Volunteering is dead

BROADENING THE DEFINITION OF VOLUNTEERING
The term volunteering has become passé: to engage citizens
we need to promote active citizenship.

As next week is National Volunteer Week, it is important to take time and rejoice in Canada’s 6.5 million volunteers that make our communities better. It is also a week to reflect on the idea of volunteering and how more people can become involved. In this vein, I would like to propose a bold statement: volunteering is dead.

This statement may cause some people to be upset, others defensive, but before you put down the paper exclaiming, “rubbish!” hear me out. In its place, I propose that active citizen engagement is more effective. Now you might put down your cereal spoon and cry, “semantics!” However, the difference between volunteering and active citizen engagement is small - but very real.

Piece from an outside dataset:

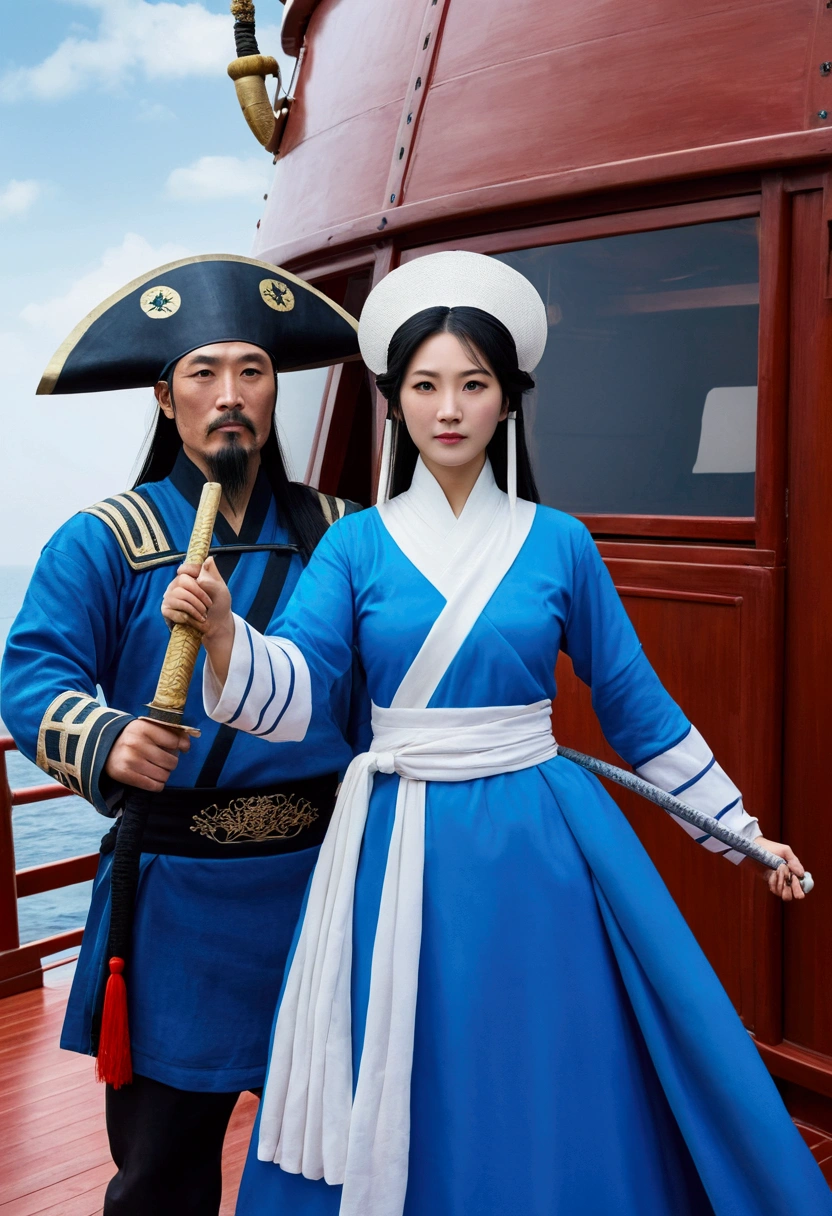 from the front of a chine man with a rice hat, half of his face was covered, she was wearing a blue wuxia dress. with two swords stored on his back, along with a woman with long black hair wearing blue Chinese clothes with a white stripe on the side, on a large ship and a ship captain and navigator beside him, pointing towards the sky, night background, 8k high quality detailed, epic fantasy style, Highly detailed 4K digital art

Volunteering refers to a structured donation of time, whereas active citizen engagement is a spontaneous, organic method of participation.

Communities must let go of the notion that only contributions made through structured methods of volunteering count. Ad hoc community action can often be, more powerful. For example, when asked if she volunteers, the women who helps her elderly neighbour by mowing her lawn and taking her grocery shopping, would probably answer no, even though her action is very imperative to societal well-being. Does this woman care less because she doesn’t formerly volunteer?

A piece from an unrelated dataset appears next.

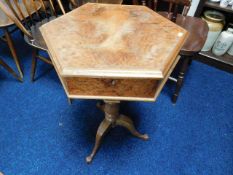 An antique sewing box with later work a/f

The danger with the mindset that, acts of kindness need to take place in a prearranged way, is that it may discourage people from contributing by discounting the spontaneous donation of time, and making it seem trivial. In reality, acts of participating in a community through joining sports teams, attending social events, taking an interest in the arts, donating to bottle drives and interacting with your neighbours are all ways that help grow neighbourhoods and extend citizens’ roots deep into the community. The more involvement there is in a community the safer and healthier it will be, as its citizens have a vested interest.

It is time for leaders in the Greater Vancouver area to promote spontaneous acts of involvement. In this era of fast-paced lives and dual-income households people will have a diminishing amount of time and energy for traditional methods of volunteering. We should not berate this but instead encourage more flexible forms of action. By expanding our conception and definition of volunteer to citizen active engagement all of us in Canada will benefit.